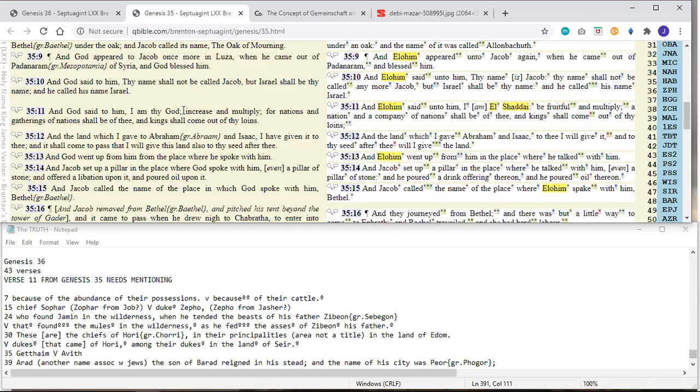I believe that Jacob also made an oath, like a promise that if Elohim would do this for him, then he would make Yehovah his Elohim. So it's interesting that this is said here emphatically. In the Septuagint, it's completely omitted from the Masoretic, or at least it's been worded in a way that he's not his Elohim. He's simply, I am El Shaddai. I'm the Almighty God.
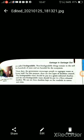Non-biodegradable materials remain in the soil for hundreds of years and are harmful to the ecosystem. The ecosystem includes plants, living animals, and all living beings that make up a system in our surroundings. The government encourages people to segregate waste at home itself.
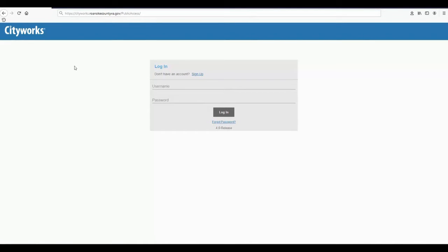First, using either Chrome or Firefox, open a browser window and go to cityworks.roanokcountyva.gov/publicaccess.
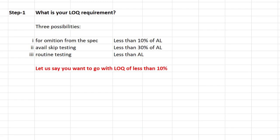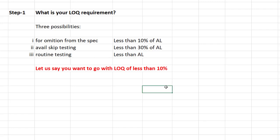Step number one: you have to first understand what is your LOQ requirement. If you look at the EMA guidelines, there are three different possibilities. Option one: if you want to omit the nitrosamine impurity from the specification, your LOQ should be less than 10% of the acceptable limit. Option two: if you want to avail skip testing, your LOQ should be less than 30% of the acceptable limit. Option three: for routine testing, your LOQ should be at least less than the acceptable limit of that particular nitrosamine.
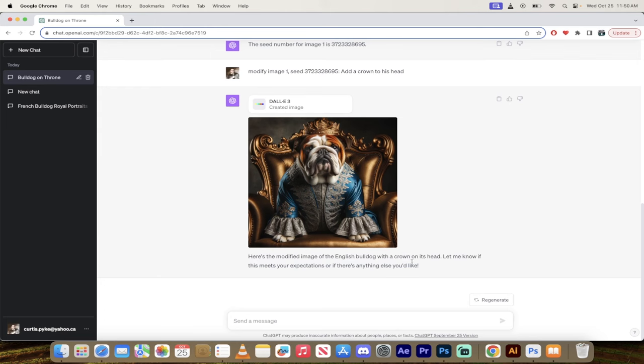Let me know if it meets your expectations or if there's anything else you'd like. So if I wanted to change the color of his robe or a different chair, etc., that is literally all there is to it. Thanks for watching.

____

-- PROBLEM REQUIREMENTS --
Output every entry above verbatim, but leave out the pictures.

-- SOLUTION TO THIS TASK --
I believe that Jacob also made an oath, like a promise that if Elohim would do this for him, then he would make Yehovah his Elohim. So it's interesting that this is said here emphatically. In the Septuagint, it's completely omitted from the Masoretic, or at least it's been worded in a way that he's not his Elohim. He's simply, I am El Shaddai. I'm the Almighty God.
Non-biodegradable materials remain in the soil for hundreds of years and are harmful to the ecosystem. The ecosystem includes plants, living animals, and all living beings that make up a system in our surroundings. The government encourages people to segregate waste at home itself.
First, using either Chrome or Firefox, open a browser window and go to cityworks.roanokcountyva.gov/publicaccess.
Step number one: you have to first understand what is your LOQ requirement. If you look at the EMA guidelines, there are three different possibilities. Option one: if you want to omit the nitrosamine impurity from the specification, your LOQ should be less than 10% of the acceptable limit. Option two: if you want to avail skip testing, your LOQ should be less than 30% of the acceptable limit. Option three: for routine testing, your LOQ should be at least less than the acceptable limit of that particular nitrosamine.
Let me know if it meets your expectations or if there's anything else you'd like. So if I wanted to change the color of his robe or a different chair, etc., that is literally all there is to it. Thanks for watching.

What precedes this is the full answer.